Georgia’s so-called “heartbeat bill” would allow doctors the right to refuse to perform an abortion if the pulse of a fetus can be detected, according to the Atlanta Journal-Constitution. The bill recently moved through a state Senate panel with a special intervention from Lt. Gov. Geoff Duncan (R). If it becomes law, the restrictions could effectively ban abortions for women who have been pregnant for as little as six weeks.
In response, Kendrick has proposed a countermeasure that would make vasectomies illegal, require men to get permission from their wives before obtaining a prescription for Viagra and make having sex without a condom an assault.
“If you’re going to legislate our bodies, then we have every right to propose legislation to regulate yours,” Kendrick said in an interview with Rolling Stone.
Though the first three aspects of Kendrick’s bill are obviously so over-the-top as to make a point about the state’s restrictive new abortion laws, Kendrick also included some common sense language in her bill that the state absolutely should pass, including restrictions on paternity tests and requiring fathers to pay child support.
“You want some regulation of bodies and choice? Done!” Kendrick tweeted.
Ggggooooodddd morning! Introducing my "testicular bill of rights" legislative package. You want some regulation of… https://t.co/wfZ2kg8VtB— Dar'shun Kendrick (@Dar'shun Kendrick)1552310015.0
Fellow State Sen. Valencia Seay (D) offered three amended versions of the proposed bill which would have drastically altered the Republican-sponsored legislation. The state Senate panel is split evenly between two Democrats and two Republicans, meaning a compromise on such controversial legislation would have been all but guaranteed. However, that’s when Lt. Gov Duncan intervened by appointing a third Republican to the committee, ensuring that all of Seay’s measures failed on a 3-2 vote.
“I have made an attempt to try to get a commonsense approach to women having a right to do what it is they do, and that is give birth,” she said. “Common sense comes from us who have delivered, who have given birth, and respect women making the choice for themselves.”

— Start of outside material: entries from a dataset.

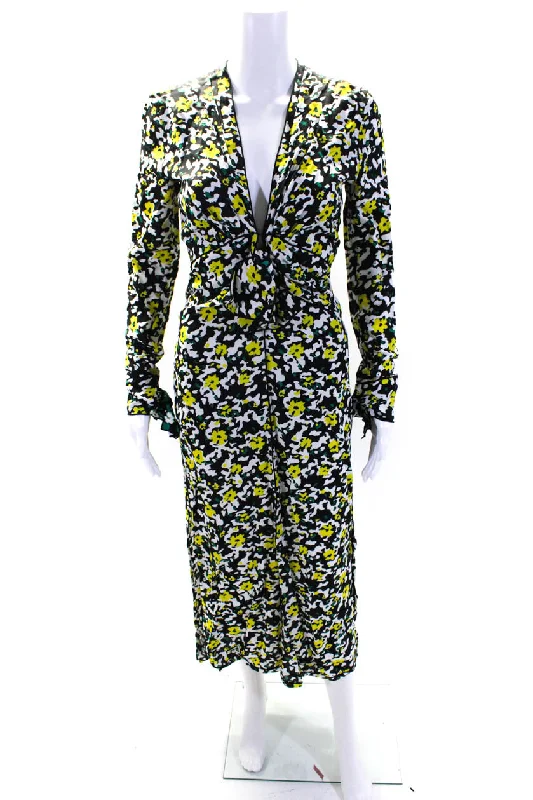 Proenza Schouler Womens Long Sleeve V Neck Midi Dress Black White Yellow Vintage Printed Skirt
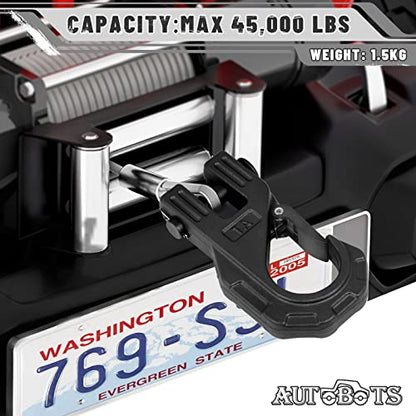 AUTOBOTS Gancho de cabrestante de 3/8 pulgadas, resistente, máximo 20 toneladas (45,000 libras), gancho de cabrestante ATV de acero forjado con pestillo de seguridad, gancho deslizante para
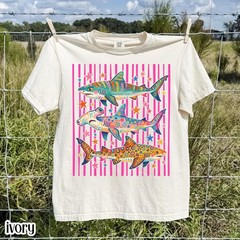 Preppy Shark Shirt Colorful Ocean Life Graphic Tee Summer Aesthetic Gift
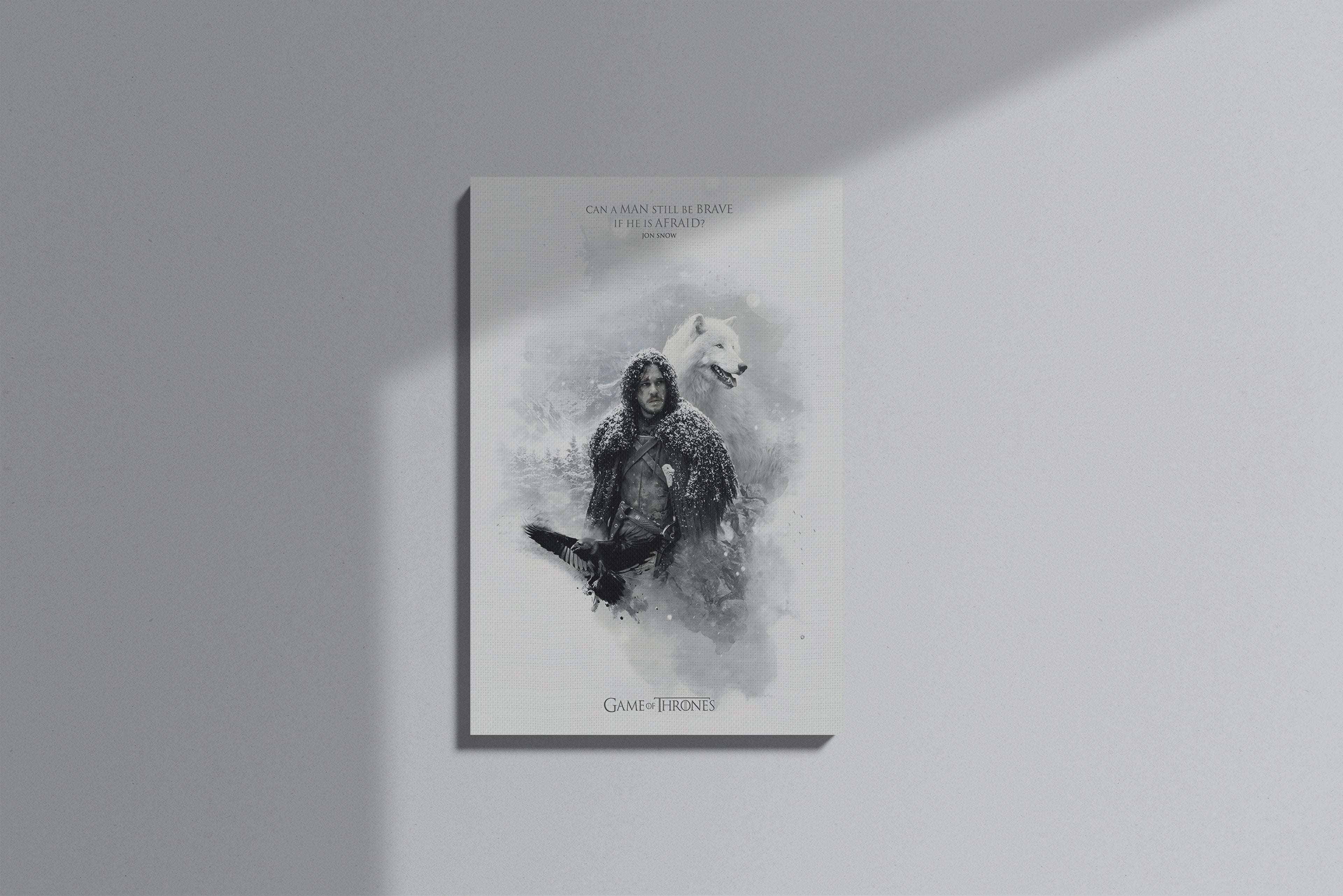 GeekCultcha Game of Thrones Jon Snow Premium Canvas Painting Winter Style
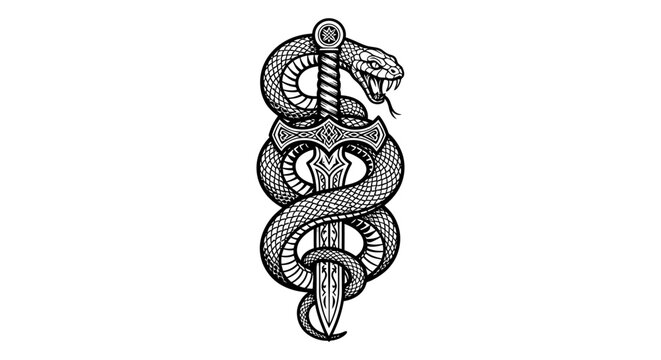 Coiled snake entwined around a pointed dagger.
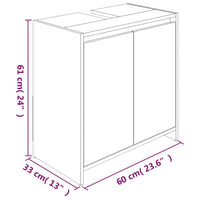 Thumbnail for Badschrank Braun Eichen-Optik 60x33x61 cm Holzwerkstoff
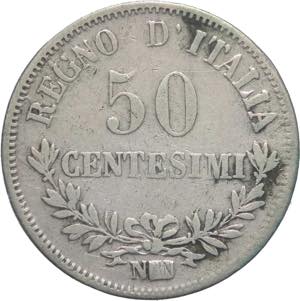 50 Centesimi 1863 - Vittorio Emanuele II ...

Instead, for now the highly unusual and restrictive bill continues on its path toward becoming law. Unless more lawmakers, particularly Republican men, follow the lead of brave leaders like Dar’shun Kendrick and reclaim some of the actual moral high ground they are supposedly working so hard to protect. Reducing the number of unwanted pregnancies doesn’t mean setting the U.S. Constitution on fire. It takes real work and thought, including supporting vital sex education programs, so that young women and men can make informed decisions about their lives. Maybe there should be a law about that.